I think there are more fundamental problems with the site and the way it
works.

I replied to this post <http://news.ycombinator.com/item?id=4488561> yesterday
explaining what I think the issues are. Because I think it applies here as
well, I'll re-post it below.

\--------- I'm not sure how submissions like this are still showing up so
commonly or how they arrive at the top of the list. If ever there was a
community of people capable of solving the problem of "improving HN", this is
the one. I supply a problem statement and solution below.

Problem: HN has problems which seem not to get fixed despite recommendations
made to the maintainer(s?). Why? I suspect it's because maintaining HN is one
of the lowest priority jobs to the maintainer of HN. The guy is busy! Fixing
problems or implementing possible features quickly would have very low ROI to
such a person. This isn't to say that he(they?) doesn't care - just doesn't
have time because his other responsibilities are actual responsibilities, not
a hobby. This is the equivalent of hiring an independently wealthy person to
work for your company. The person may really like working for you, but you
can't rely on them. They have little incentive to stick around if they get
even slightly bored.

Solution: Make a new one. Someone make something better. You know where your
primary audience lives (here) so you know where to find users. Monetize it in
some way so that I know you'll keep working on it. Make it your full time gig.
With the number of users you could get, you wouldn't have to ask for much. A
donation model would probably pay you a pretty good salary. Be nice to the
community and make reasonable attempts to fix the issues they bring up.
They'll probably even help you fix them if you need them to. \---------

As you can see, I think the problems are more low-level. For example, I don't
have a lot of karma. I don't submit things but I do comment occasionally. I've
never been in an uncivil argument on here and I feel I carry myself in a way
that benefits the community. But because of how the HN application works, I
can't down vote. I'm not saying that the ability to down vote would fix the
issues, but it's one small part of it. Reddit gives everyone the ability to
down vote and most comments/submissions which are considered inappropriate
(mind you Reddit necessarily has a higher tolerance do to variety of content)
get down voted out of site so that the majority of users never perceive it as
even being a problem. This is all because Reddit arms it's users with the
tools to make Reddit what they want it to be.

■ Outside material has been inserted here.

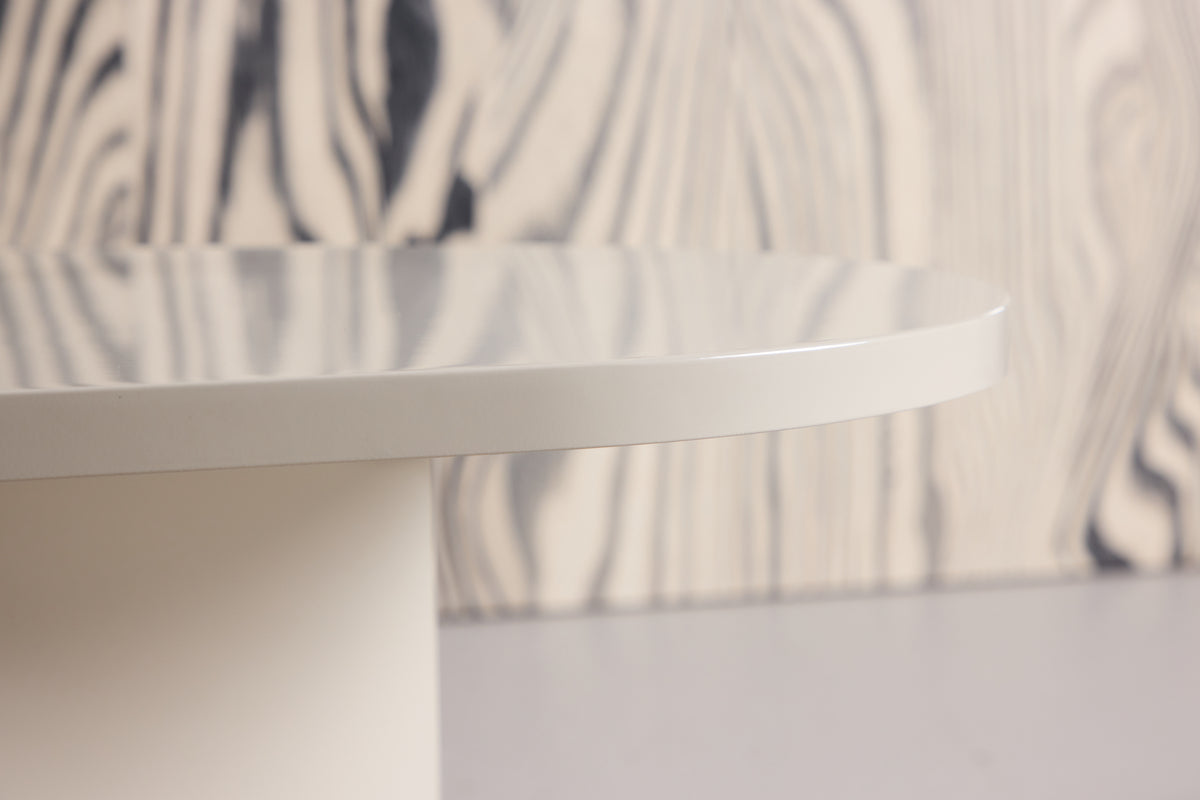 Sofa Bord 130 x 65 Beige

I could gain the ability to down vote on HN by getting more karma but I have
no idea what amount I'm trying to get and I would likely find myself posting
things just to get there which would also bring the overall quality of HN
down.

Reddit also allows the posting of rules in a prominent location where everyone
could see them. That's what this post needs. You've created good guidelines.
Throughout the day, they will get better as people pick them apart and add
their opinions. By the end of the day, these rules would probably be suitable
for posting prominently in the side bar of all pages within the HN app. But
they won't be. They'll fall to the bottom and be forgotten. It's unfortunate.

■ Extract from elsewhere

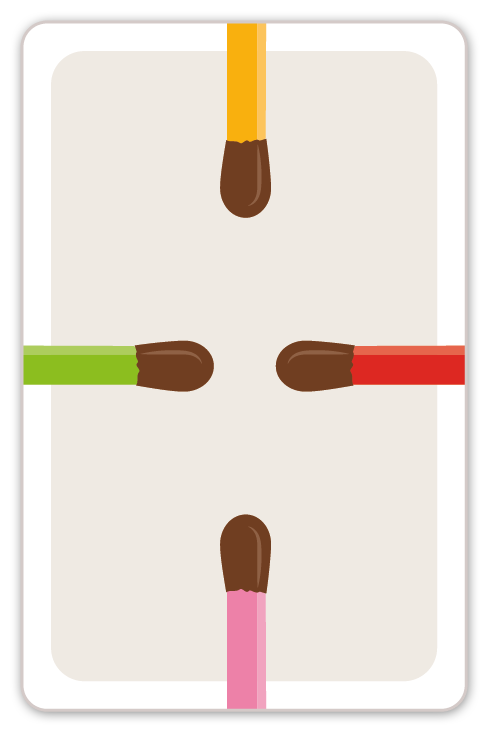 Jogo de Cartas ColorFox (Linha Pocket)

We could ask the maintainer to post it prominently on the side of the pages,
but it's very unlikely to happen as it would take some UI tweaks, etc.. The
point is, we need an application that lives and breathes. One which changes
when it needs to. If for no other reason than to test theories about what
_may_ help. We need a HN that is the full-time job of someone, not a side
project.

[edited for clarity and typos]

------
richardofyork
Your points below are well noted, and I am confident we can clean up our act
before it gets out of control.

I did not know posts are more unlikely to make it to the front page, thanks
for the tip. I will create a blog post from my HN post and I will submit the
blog post to HN next week. I am hopeful we will get the participation of many
HN users.

------
phaus
I agree with you, but thus far I have been reluctant to "call out" anyone, as
we aren't supposed to comment if we can't add to the conversation.

Something does need to change though, just the other day someone responded to
a post by simply calling the OP a "fag." While this type of behavior is common
on many sites, I sincerely hope that it remains a rarity in our community.